Task objective: Once you reach the line with "eurokraft pro Notranji" in the material below, copy each line exactly up to and including the line with "Mercedes-Benz G-Класс 2020 - фото 16", and skip the pictures.

Input records:
____________________

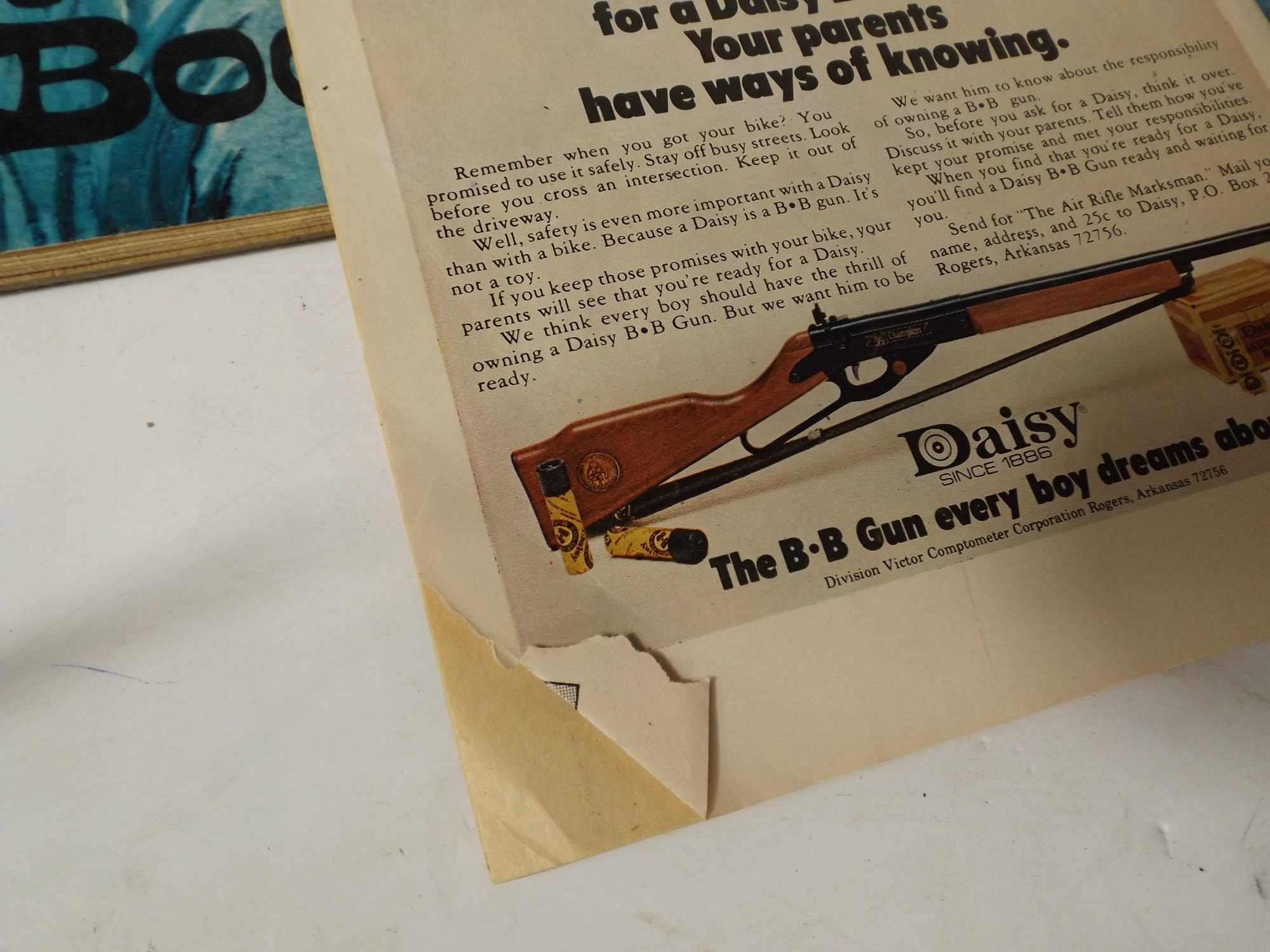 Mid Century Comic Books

____________________

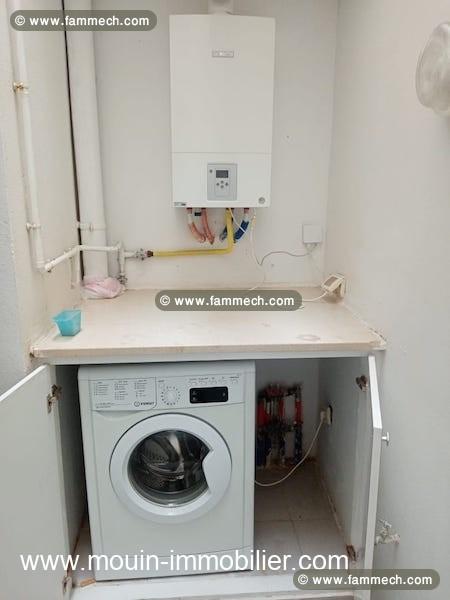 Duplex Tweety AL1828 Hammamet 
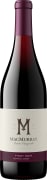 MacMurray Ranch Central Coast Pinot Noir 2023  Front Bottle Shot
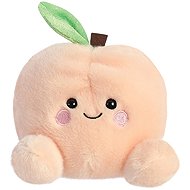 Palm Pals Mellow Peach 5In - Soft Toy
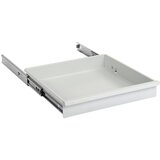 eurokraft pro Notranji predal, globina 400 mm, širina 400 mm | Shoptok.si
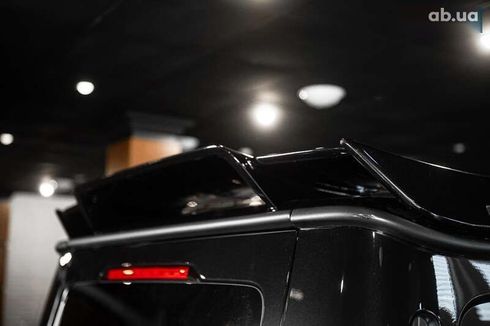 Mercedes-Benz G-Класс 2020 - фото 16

____________________

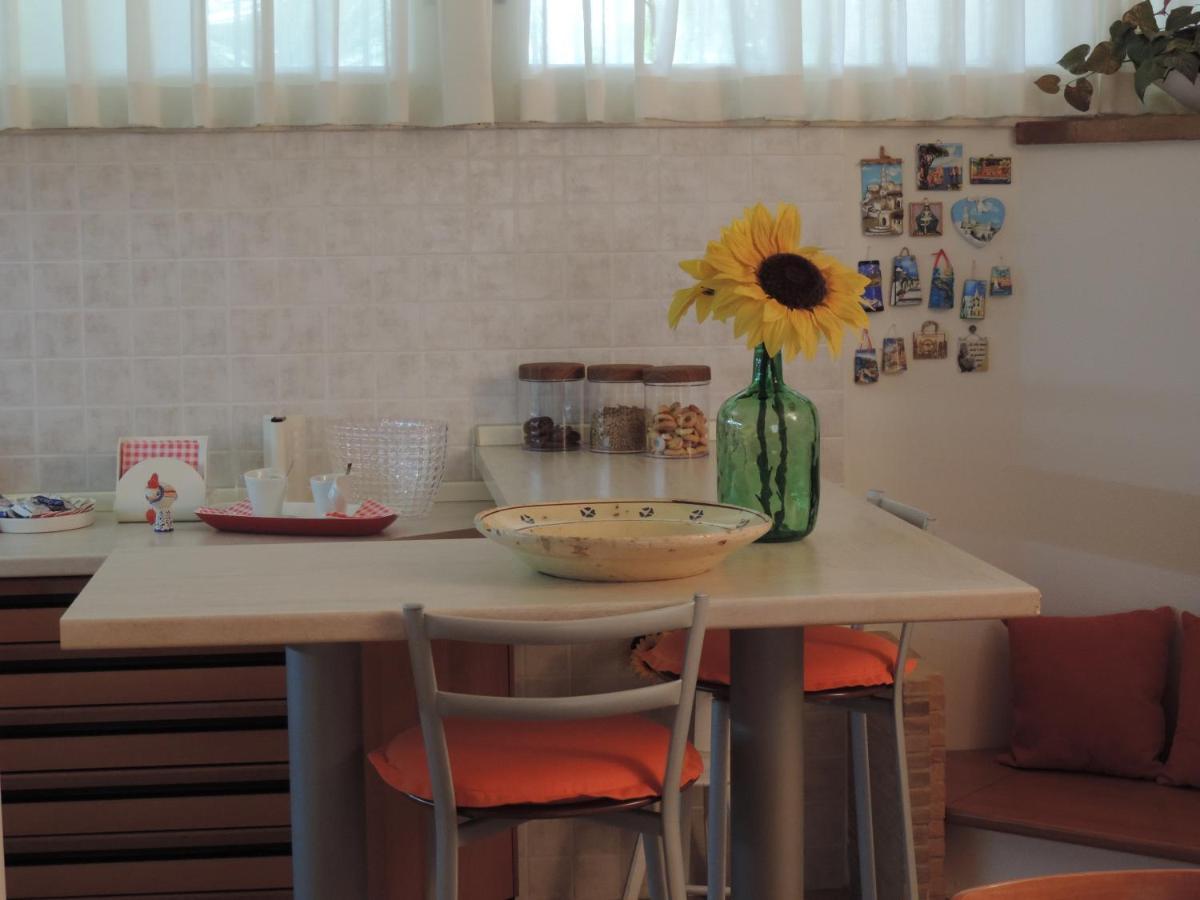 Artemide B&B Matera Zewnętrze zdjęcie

____________________

Task result:
 eurokraft pro Notranji predal, globina 400 mm, širina 400 mm | Shoptok.si
 Mercedes-Benz G-Класс 2020 - фото 16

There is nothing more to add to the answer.